TR: No, I think you’ve covered all the answers I’ve given all day! It’s playing the most mercurial, volatile, split-personality character I can imagine, it’s fantastic. All those things are fascinating to play as well as being elements that we know were true, or certainly were speculated as being true.
He’s the composite superhero isn’t he? Described as a bit of Indiana Jones, a bit of Sherlock Holmes, a bit of Tony Stark and so on. If you aren’t already, you are going to get so sick of hearing people reel off that list of names soon…
TR: I think I started it actually!
[Another massive laugh from Laura]
LH: Also, it did stop didn’t it? And then you continued it…
TR: ‘You’ve forgotten the Tony Stark bit!’. David certainly pitched it as such because he thought very validly that for that time Leonardo must have seemed almost superhuman with his knowledge and how ahead he is of everyone else.
The Renaissance Man…
TR: Yes. And to achieve this stuff without seemingly doing any of the steps to get there. He just [in his enthusiasm for the fifteenth century, Riley has neglected to correctly husband the angle of his over-filled coffee cup, which veers dangerously towards the expensively upholstered sofa until Haddock saves the day] There’s also stuff about him that wasn’t necessarily known, like Vasari in The Lives of the Artists, who knew him and wrote about him, said that he could bend iron bars with his bare hands, and that he was aesthetically pleasing…
So obviously they came to you
TR: [laughs] No, that was the one bit they skipped over.
LH: They did ask him to bend a bar in the auditions though.
TR: Which I could do.
Well as it happens [reaching into my bag], I’ve bought one along…
TR: I could smash through some phone books for you? All that kind of crazy stuff, people actually treated him with awe so it’s not a gigantic leap. Though we now recognise him as this very sage, wise old man, that was accumulative experience and years and years of mistakes that led to that wisdom. It’s far more interesting showing the mistakes than have a twenty-five year old man sat around going [adopts solemn genius voice] ‘That’s not going to work’ and be above it all.
Laura, it’s fair to say that, on the basis of the first episode, your character is something of a dark horse…

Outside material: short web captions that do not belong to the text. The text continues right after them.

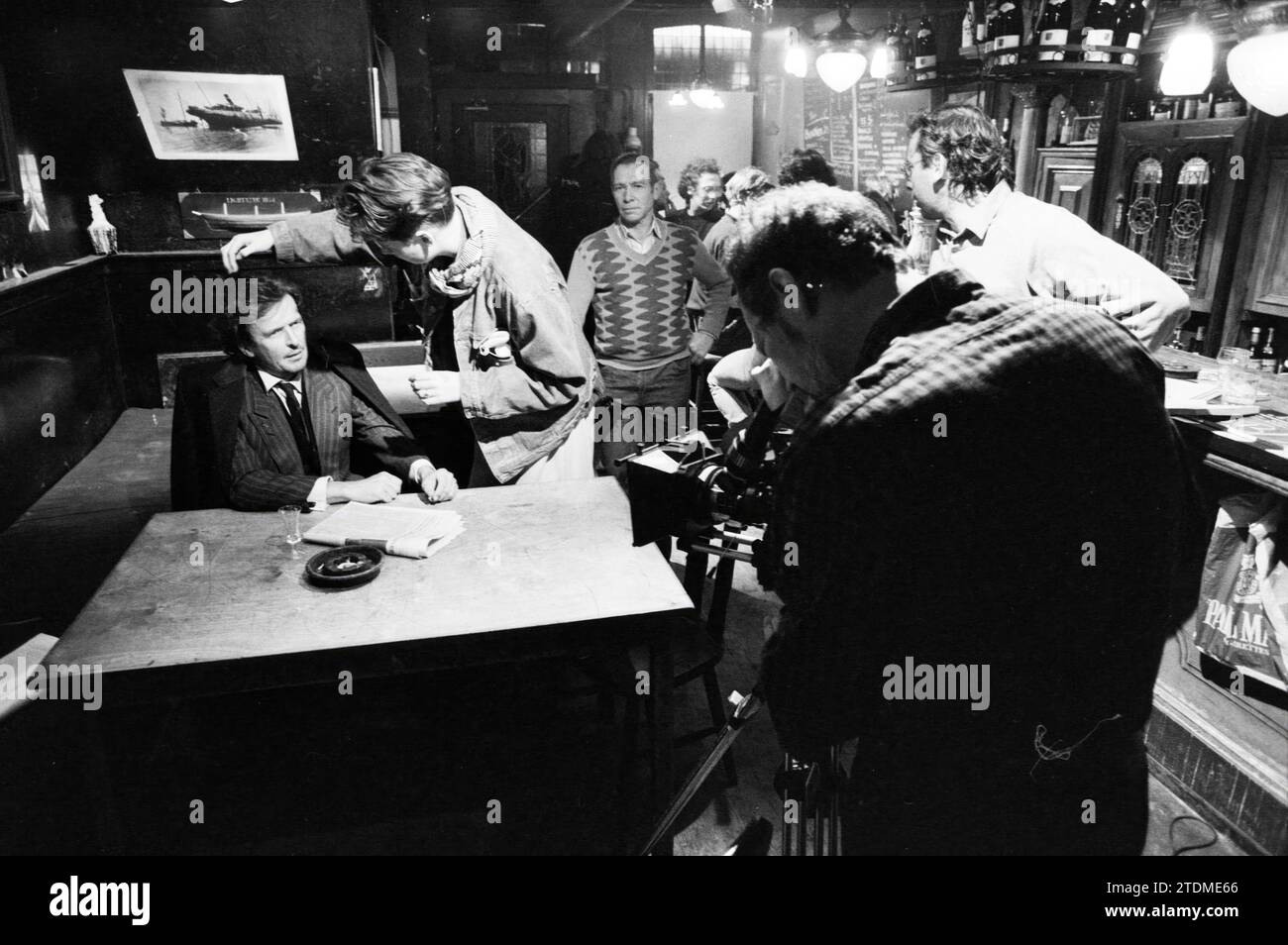 TV-Aufnahme, 00-10-1986, Whizgle News from the Past, maßgeschneidert für die Zukunft. Erkunden Sie historische Geschichten, das Image der niederländischen Agentur aus einer modernen Perspektive, die die Lücke zwischen den Ereignissen von gestern und den Erkenntnissen von morgen überbrückt. Eine zeitlose Reise, die die Geschichten prägt, die unsere Zukunft prägen Stockfoto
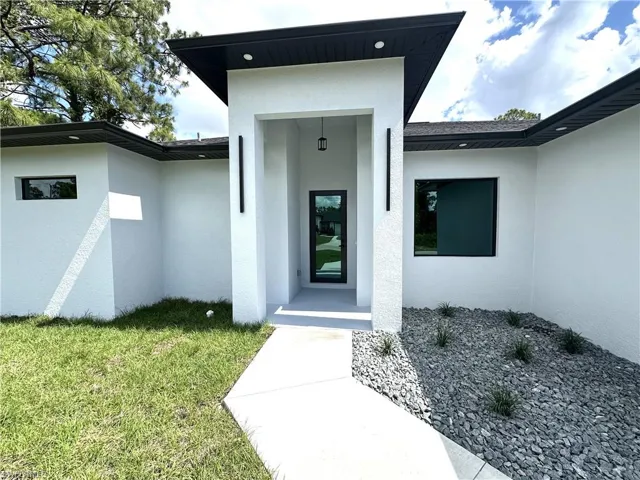 2602  34th W ST, Lehigh Acres, FL 33971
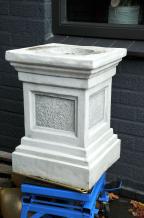 Plinthe - pierre - 60 cm - finition blanche classique - massif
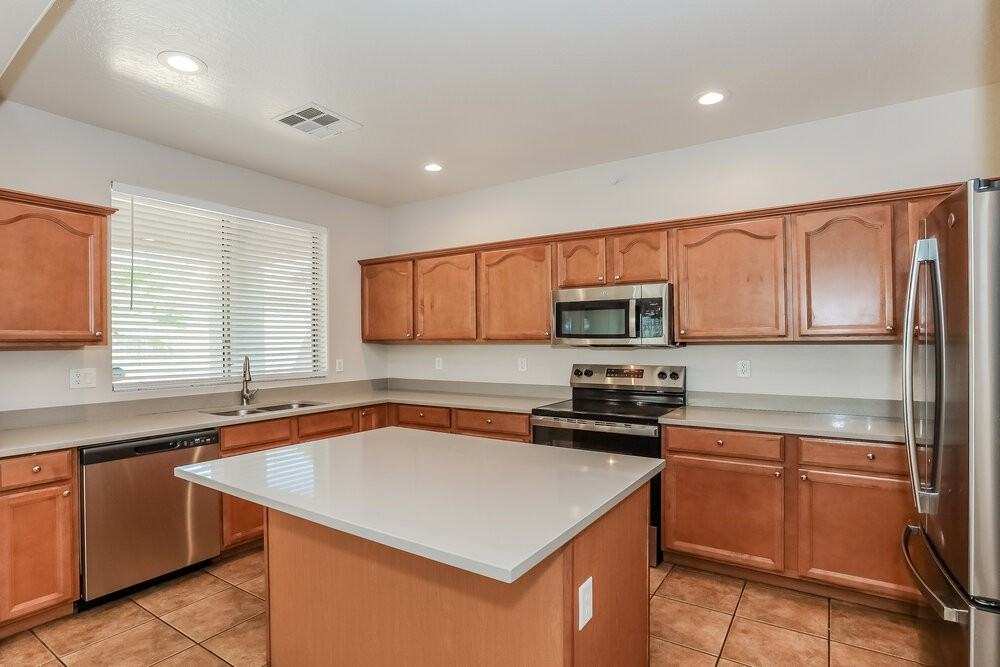 3151 S Southwind Dr - Photo 6 of 17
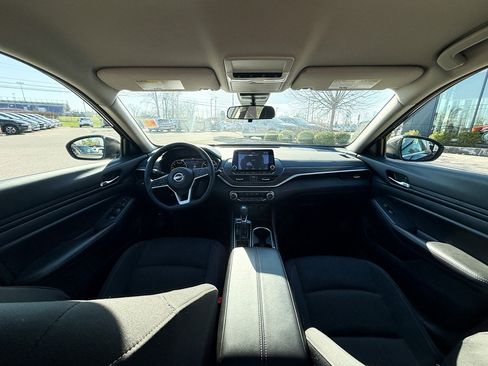Used 2024 Nissan Altima 2.5 SV image 18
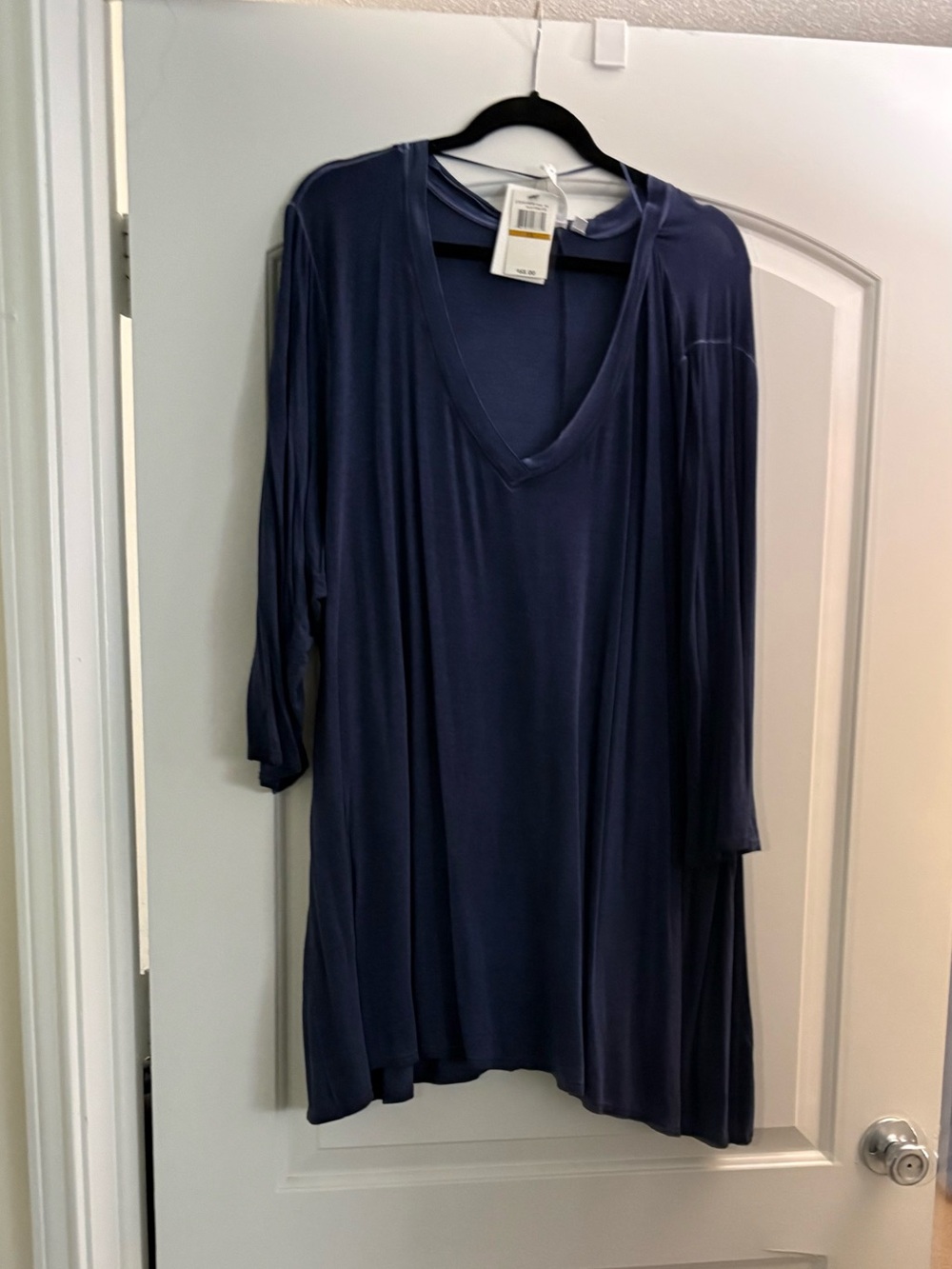 PLUS SIZE 3x NEW V-Neck Lightweight Distressed Style Tunic Top in Deep Navy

LH: She’s certainly a mystery.
A mystery, is that how you’d sum her up?
TR: A mistress, who’s mysterious!
LH: A mysterious mistress! There are so many things about her that we won’t know until the series progresses. She is absolutely fighting for a cause that we don’t know of yet, and justifies every move that she makes with this constant battle for this cause, and it’s tough because… [notices Tom is grinning at her, and says with faux exasperation] What?
TR: I just love watching you know you can’t say it.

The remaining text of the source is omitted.